This is an era in which executive power is running amok at all levels of government. Many times, those powers are usurped. However, on Wednesday, Wisconsin's governor put on an exhibition of extreme executive authority that has been explicitly granted to him, as he unilaterally amended a law so that it now mandates annual school spending increases for the next four centuries.
Under Wisconsin's "partial veto" law -- which is the most extreme in the union -- governors can eliminate words and digits in a bill so long as they don't combine multiple sentences to create new sentences.
The bill that was before Democratic Governor Tony Evers authorized $325-per-student annual spending increase "for the 2023-24 school year and the 2024-25 school year." Evers, himself a former teacher and state school superintendent, slashed the 20 and the hyphen from the 2025-25, thus making it refer to the year 2425 (if man is still alive).
Gov. Evers of Wisconsin, using his partial veto, ensured school funding increases for 400 years.
— Richard M. Nixon (@dick_nixon) July 5, 2023
He struck "the," "24," the following several words, "20," and the hyphen, creating "For the limit for 2023-2425, add $325 to the result under par." pic.twitter.com/zkjKAuFHBW
Partial vetoes are rarely overridden in the state, given it requires a two-thirds majority. A subsequent legislature and governor can nix the four-century spending increase plan, but unless they do, it's now the default path for Wisconsin school spending.

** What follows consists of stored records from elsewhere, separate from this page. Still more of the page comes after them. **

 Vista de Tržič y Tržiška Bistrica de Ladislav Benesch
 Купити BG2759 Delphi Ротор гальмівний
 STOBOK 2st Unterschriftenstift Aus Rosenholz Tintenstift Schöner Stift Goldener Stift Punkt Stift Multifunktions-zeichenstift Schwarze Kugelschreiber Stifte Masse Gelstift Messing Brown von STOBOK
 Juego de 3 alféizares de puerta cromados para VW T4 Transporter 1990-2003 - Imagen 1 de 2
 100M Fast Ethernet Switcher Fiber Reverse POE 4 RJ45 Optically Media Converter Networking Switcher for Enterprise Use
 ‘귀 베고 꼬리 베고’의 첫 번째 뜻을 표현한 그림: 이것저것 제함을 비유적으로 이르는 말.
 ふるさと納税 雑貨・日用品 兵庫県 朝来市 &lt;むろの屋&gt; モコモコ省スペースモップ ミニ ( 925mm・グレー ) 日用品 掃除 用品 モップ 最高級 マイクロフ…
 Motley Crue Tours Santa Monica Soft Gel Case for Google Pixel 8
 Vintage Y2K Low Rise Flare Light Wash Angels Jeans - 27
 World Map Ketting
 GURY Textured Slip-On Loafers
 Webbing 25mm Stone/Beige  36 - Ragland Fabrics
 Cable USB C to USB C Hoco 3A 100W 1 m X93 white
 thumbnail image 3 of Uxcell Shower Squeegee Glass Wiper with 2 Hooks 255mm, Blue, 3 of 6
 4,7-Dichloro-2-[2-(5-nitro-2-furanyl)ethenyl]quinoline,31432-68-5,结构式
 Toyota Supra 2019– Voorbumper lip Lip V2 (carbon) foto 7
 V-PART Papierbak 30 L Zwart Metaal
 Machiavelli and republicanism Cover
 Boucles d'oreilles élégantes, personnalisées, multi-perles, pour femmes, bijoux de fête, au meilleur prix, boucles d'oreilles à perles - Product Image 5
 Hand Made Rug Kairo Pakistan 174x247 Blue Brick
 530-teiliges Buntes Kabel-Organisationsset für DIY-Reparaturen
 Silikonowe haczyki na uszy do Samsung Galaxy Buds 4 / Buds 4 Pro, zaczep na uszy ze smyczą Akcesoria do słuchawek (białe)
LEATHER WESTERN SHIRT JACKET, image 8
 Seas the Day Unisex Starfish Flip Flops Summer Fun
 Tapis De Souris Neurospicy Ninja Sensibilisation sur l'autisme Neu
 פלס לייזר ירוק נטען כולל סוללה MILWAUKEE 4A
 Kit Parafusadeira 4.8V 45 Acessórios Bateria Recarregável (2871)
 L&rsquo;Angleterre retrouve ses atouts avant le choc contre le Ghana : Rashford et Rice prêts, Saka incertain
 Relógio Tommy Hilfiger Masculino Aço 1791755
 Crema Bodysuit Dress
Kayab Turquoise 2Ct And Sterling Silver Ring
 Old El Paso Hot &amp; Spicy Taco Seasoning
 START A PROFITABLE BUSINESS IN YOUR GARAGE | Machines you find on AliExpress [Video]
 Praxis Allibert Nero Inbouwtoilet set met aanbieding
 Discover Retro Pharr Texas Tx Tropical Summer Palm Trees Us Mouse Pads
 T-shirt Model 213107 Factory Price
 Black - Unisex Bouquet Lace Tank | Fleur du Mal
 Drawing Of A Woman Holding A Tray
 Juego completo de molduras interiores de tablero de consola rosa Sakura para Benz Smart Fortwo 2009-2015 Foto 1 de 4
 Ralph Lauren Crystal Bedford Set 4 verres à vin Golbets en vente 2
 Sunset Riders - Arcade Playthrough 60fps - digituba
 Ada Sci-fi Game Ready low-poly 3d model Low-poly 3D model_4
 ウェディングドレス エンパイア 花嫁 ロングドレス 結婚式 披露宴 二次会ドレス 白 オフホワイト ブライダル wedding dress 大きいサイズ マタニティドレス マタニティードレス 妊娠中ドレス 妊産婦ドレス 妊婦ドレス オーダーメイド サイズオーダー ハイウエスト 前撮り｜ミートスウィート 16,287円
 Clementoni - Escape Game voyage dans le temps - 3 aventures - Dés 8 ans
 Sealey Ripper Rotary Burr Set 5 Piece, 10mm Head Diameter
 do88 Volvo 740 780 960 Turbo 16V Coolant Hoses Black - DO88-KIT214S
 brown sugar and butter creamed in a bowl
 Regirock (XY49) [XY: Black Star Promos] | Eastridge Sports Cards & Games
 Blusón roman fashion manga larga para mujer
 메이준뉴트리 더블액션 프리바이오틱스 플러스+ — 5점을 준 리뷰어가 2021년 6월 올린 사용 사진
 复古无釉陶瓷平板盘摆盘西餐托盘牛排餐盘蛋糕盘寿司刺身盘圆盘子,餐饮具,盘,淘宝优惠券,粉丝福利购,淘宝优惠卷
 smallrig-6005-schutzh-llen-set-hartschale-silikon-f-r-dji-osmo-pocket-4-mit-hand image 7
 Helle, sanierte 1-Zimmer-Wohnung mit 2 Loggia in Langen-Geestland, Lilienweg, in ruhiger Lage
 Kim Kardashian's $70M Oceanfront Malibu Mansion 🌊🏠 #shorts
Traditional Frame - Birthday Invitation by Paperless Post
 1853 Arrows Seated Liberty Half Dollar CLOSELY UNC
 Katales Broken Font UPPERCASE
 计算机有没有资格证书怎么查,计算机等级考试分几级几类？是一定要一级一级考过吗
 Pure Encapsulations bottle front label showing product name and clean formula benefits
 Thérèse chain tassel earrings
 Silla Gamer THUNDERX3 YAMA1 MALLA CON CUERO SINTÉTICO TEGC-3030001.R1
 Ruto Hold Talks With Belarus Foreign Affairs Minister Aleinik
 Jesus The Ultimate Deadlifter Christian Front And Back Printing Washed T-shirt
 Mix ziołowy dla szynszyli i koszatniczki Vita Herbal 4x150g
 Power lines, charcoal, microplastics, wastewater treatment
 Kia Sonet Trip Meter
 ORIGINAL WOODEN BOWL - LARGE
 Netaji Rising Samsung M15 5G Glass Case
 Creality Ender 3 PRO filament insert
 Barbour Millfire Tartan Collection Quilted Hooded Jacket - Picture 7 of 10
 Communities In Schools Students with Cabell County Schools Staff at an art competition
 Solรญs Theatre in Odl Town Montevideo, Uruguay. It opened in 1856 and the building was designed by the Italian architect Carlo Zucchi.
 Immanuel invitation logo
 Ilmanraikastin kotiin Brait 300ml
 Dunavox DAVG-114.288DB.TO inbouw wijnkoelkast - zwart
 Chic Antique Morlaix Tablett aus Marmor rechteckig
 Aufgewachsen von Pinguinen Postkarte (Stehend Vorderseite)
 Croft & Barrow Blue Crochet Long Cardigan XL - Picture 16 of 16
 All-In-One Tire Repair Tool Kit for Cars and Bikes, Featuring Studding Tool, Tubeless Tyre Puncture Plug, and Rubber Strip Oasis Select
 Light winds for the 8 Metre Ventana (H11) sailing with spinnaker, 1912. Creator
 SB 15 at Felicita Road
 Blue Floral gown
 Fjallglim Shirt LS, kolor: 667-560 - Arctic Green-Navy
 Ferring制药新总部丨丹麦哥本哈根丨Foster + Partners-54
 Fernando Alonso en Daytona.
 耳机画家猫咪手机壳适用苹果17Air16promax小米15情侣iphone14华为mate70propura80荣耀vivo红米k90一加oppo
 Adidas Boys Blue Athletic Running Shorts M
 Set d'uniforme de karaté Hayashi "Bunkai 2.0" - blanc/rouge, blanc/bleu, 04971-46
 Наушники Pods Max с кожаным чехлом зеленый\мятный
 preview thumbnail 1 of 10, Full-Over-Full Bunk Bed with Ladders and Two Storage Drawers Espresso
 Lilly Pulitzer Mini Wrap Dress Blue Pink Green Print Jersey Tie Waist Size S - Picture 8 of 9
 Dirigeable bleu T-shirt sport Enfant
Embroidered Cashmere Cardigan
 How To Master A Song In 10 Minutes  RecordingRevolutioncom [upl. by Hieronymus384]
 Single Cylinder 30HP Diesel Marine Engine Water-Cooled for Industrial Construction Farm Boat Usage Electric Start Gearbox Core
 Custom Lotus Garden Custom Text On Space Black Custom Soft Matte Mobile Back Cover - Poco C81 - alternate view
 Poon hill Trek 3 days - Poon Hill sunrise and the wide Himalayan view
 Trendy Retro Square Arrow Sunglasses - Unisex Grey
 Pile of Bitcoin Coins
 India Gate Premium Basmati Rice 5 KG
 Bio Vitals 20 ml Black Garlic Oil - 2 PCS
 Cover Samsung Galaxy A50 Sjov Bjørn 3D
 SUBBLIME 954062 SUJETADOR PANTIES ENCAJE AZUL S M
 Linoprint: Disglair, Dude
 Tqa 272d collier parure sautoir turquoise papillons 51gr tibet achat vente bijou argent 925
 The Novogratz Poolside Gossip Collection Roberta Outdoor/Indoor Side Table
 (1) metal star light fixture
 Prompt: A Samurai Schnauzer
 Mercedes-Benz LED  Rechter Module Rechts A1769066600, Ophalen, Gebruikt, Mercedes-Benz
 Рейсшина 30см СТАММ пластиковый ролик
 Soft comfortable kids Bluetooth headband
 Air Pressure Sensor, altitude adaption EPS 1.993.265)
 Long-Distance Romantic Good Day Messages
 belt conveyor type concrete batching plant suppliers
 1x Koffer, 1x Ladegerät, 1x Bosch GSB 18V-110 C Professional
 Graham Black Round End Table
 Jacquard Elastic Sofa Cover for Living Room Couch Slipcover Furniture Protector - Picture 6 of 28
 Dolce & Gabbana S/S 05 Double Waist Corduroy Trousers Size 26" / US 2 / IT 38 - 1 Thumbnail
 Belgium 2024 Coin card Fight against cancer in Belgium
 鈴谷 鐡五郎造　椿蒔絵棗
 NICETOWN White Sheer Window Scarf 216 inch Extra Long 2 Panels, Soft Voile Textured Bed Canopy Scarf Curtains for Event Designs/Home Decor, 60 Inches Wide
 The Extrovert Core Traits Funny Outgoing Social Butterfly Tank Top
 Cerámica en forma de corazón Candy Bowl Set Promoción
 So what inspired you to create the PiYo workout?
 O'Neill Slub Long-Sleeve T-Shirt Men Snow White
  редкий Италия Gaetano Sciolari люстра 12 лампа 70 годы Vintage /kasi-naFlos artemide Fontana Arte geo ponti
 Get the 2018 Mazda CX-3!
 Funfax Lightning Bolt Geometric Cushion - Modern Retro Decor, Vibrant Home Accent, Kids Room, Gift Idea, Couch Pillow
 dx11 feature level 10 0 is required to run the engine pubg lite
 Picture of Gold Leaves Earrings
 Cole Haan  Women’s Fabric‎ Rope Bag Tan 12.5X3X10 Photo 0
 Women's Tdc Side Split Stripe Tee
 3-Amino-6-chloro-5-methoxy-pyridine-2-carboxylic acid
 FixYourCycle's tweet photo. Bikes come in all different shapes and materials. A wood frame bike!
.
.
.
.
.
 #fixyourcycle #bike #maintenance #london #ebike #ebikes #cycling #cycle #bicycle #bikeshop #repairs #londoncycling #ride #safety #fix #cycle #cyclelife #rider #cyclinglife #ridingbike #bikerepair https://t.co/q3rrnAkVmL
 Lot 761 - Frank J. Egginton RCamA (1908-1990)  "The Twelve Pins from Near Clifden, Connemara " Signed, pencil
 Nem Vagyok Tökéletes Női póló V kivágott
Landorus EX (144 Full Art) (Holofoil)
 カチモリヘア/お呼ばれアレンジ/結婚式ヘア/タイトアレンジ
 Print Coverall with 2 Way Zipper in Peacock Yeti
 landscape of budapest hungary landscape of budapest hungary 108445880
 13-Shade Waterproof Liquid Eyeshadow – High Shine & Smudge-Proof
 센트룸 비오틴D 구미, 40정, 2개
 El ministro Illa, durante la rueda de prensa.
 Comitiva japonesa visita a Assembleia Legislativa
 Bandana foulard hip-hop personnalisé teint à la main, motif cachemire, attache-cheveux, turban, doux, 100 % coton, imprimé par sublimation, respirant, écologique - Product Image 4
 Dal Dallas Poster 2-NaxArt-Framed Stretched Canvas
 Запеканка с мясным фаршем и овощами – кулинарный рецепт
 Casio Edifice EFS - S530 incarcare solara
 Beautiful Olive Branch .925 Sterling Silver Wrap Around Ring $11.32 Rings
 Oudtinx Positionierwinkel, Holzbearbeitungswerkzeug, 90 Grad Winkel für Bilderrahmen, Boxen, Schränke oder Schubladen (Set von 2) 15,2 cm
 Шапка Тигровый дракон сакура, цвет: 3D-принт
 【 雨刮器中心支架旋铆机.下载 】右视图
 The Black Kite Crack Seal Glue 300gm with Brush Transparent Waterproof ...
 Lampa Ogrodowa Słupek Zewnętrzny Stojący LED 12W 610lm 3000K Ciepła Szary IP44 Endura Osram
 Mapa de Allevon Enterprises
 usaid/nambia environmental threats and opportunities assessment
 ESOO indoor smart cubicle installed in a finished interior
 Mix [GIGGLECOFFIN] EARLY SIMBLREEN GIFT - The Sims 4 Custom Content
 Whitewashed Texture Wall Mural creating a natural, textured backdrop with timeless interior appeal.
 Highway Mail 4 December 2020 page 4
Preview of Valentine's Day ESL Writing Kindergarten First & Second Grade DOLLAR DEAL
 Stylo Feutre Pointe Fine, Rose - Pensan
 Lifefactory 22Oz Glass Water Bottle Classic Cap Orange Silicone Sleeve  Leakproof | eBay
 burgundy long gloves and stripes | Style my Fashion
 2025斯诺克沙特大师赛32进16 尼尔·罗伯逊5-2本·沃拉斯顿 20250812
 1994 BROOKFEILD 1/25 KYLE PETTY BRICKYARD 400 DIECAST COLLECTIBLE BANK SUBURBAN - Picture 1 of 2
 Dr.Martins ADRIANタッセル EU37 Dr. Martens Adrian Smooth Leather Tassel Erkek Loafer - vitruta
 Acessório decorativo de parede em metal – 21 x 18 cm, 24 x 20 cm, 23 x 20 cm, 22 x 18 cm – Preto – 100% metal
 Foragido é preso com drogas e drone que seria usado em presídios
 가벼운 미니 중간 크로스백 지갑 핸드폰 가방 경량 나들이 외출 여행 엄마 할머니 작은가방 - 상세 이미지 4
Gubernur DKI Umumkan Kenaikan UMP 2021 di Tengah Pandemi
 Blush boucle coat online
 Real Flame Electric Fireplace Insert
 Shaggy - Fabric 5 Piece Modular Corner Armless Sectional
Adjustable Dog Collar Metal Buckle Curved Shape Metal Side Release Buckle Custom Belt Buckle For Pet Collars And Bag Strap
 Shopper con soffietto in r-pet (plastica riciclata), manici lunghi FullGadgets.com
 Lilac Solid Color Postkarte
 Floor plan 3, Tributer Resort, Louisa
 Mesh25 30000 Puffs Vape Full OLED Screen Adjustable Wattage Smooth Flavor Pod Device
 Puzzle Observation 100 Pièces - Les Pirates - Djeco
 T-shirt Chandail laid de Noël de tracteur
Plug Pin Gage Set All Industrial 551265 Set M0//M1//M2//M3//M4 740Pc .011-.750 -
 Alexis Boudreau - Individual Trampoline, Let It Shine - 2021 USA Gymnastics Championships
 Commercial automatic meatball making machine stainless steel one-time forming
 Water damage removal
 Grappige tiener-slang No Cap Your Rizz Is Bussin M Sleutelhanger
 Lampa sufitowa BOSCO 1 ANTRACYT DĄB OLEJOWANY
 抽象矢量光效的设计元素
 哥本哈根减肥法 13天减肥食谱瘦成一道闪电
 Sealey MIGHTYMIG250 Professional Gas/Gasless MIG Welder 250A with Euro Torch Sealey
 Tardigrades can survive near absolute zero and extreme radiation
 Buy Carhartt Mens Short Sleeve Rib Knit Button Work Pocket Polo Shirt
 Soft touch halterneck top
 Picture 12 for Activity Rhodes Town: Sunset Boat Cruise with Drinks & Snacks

Republican Assembly Speaker Robin Vos called Evers' 400-year veto "an unprecedented brand-new way to screw the taxpayer...that was never imagined by a previous governor and certainly wouldn’t by anybody who thinks there is a fair process in Wisconsin.”
The partial veto power forces legislatures to devote extra time and energy to try thwarting the kind of monkey business Evers pulled on Wednesday. For example, the Milwaukee Journal Sentinel reports that Republicans are now careful to use "cannot" instead of "may not," as the latter phrasing allows a governor to strike the word "not" and enact a law that completely inverts the legislature's intent.
Democrats haven't been the only ones to abuse Wisconsin's partial veto power. In 2017, Scott Walker extended the expiration of a program authorizing increased spending on energy efficient programs for a thousand years. And while Evers made 51 partial vetoes this year, Republican Tommy Thompson is the record-holder with a whopping 457 of them in 1991.
Voters in the Badger State have twice voted to curtail the partial veto:
In 1990, voters took away the “Vanna White veto,” which had allowed governors to strike individual letters in words to create new words. In 2008, voters rejected the “Frankenstein veto,” which had involved combining parts of two or more sentences to create a new sentence." -- The New York Times
Despite those moves, governors keep making mischief. In addition to the 400-year alteration, Evers also gutted a GOP-led income tax cut, reducing its size from $3.5 billion to just $175 million, while also nixing a reduction in the number of tax brackets.
Looks like Wisconsin citizens who believe in limited executive power better go back to the drawing board.